When interest rates are rising, as is the case today, there are some corners of the fixed income market money managers frequently gravitate to.
Floating rate notes (FRNs) are atop that list. The premise is simple. FRNs, or “floaters”, have variable interest rates, making the asset class attractive as Treasury yields climb. FRNs also have shorter maturities, making them less vulnerable to rising rates.
“The interest rate for an FRN is tied to a benchmark rate. Benchmarks include the U.S. Treasury note rate, the Federal Reserve funds rate—known as the Fed funds rate—the London Interbank Offered Rate (LIBOR), or the prime rate,” according to Investopedia. “Floating rate notes or floaters can be issued by financial institutions, governments, and corporations in maturities of two-to-five years.”
Sounds pretty good and it is. The Bloomberg Barclays US Floating Rate Note < 5 Years Index is flat year-to-date while the Bloomberg Barclays US Aggregate Bond Index is down 2.72%.
Hedging Bets Pays Off
Believe it or not, bond funds, particularly the exchange traded funds variety, are ripe for disruption and some of that disruption occurred in products designed to guard against rising rates. That's a positive for advisors and clients because FRNs, while useful, aren't perfect.
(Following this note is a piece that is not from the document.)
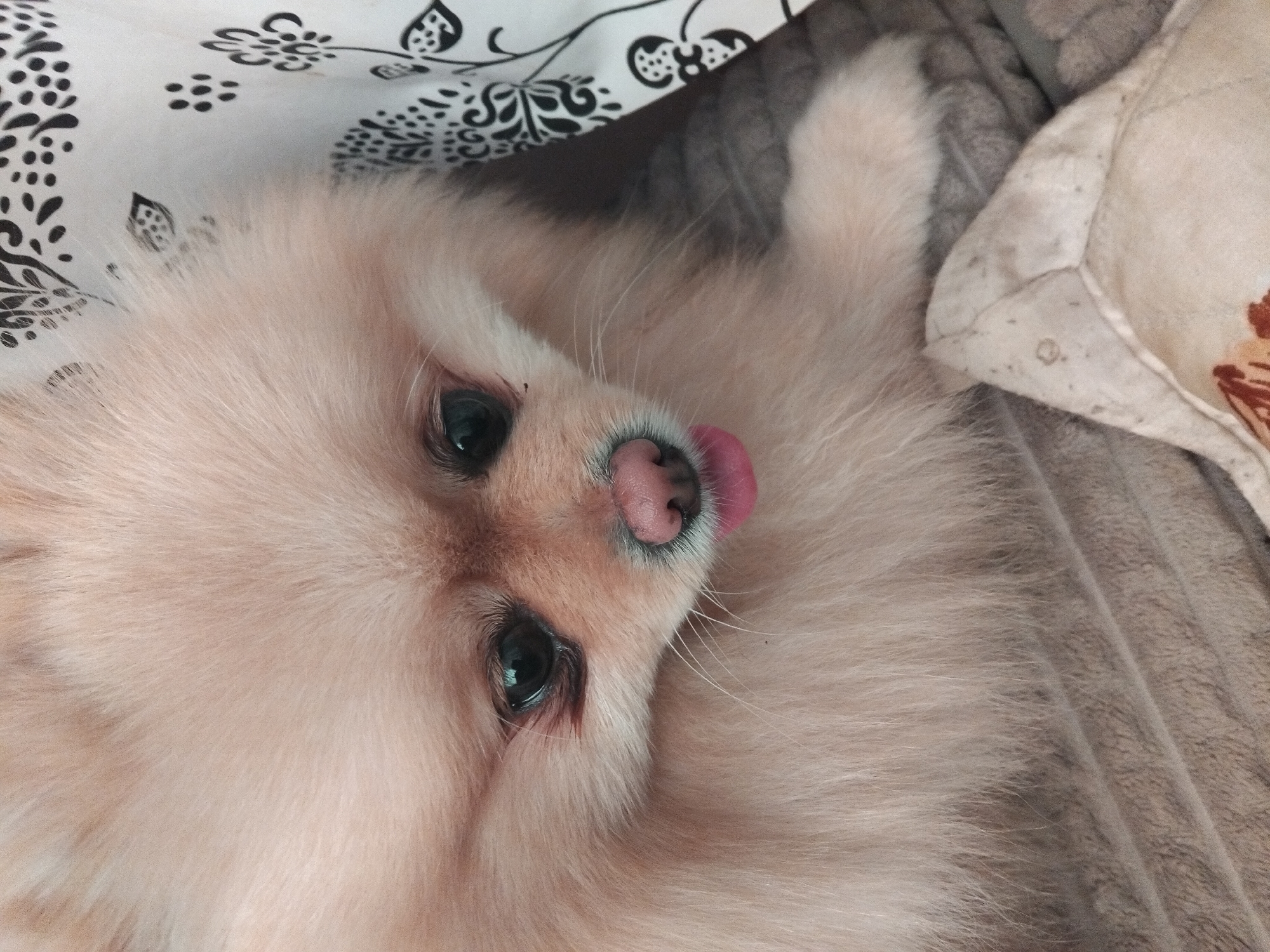 A close-up, eye-level shot focuses on the face of a light-colored Pomeranian dog. The dog's fur is fluffy and light brown, with some areas appearing almost white. Its eyes are dark and round, and its nose is pink. A small portion of its pink tongue is visible. The dog appears to be looking down and slightly to the right. The background consists of a textured brown surface, possibly a blanket or cushion, and a white fabric with a black floral pattern. There is also a light-colored, somewhat lumpy object in the lower right portion of the frame. The image appears to be taken indoors, with soft lighting. The location of Apriltsi, Bulgaria is not discernible from the image.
“The caveat here is that floating rate bond ETFs involve limited credit exposure because floating rate bonds are often short in maturity,” according to ProShares. “Longer-dated bonds include not only additional interest rate risk, but also additional credit premium. Since credit exposure and interest rate risk are two of the key drivers for bond returns, switching to a floating rate strategy can limit an investor’s potential returns.”
Alright, I'll oblige the skeptics and acknowledge that ProShares has skin in this game. The firm issues a pair of interest rate-hedged ETFs – alternatives to FRN funds. Put the skepticism to bed because rate-hedged ETFs are credible alternatives to FRNs.
“Interest rate hedged bond ETFs, on the other hand, are designed to target a duration of zero while maintaining full credit exposure and return potential,” adds ProShares. “Because credit spreads typically tighten as rates rise, interest rate hedged bond ETFs may produce higher returns in a rising rate environment. It is, however, important to consider that this potential excess return includes additional risks, with the strategy potentially underperforming if credit spreads widen.”
The ProShares Investment Grade-Interest Rate Hedged (CBOE:IGHG) is up 1% year-to-date. That's not setting the world ablaze, but that's better than what aggregate bond and FRN funds are offering. Plus, IGHG yields 2.67% – 33 basis points more than the Markit iBoxx USD Liquid Investment Grade Index.
During episodes of rising rates from the end of 2013 through the end of last year, the FTSE Corporate Investment Grade Index – IGHG's underlying index – returned 8.47%. That's more than quadruple the returns offered by the aforementioned floating-rate benchmark.
“Floating rate bond ETFs can help investors reduce their interest rate risk, but they have some potential drawbacks. If you are looking to maintain return potential and to take advantage of tightening credit spreads, consider an interest rate hedged bond ETF such as IGHG,” notes ProShares.
It doesn't have to be with IGHG, but the current environment is conducive to advisors examining rate-hedged strategies in the name of improving clients' fixed income outcomes and income streams.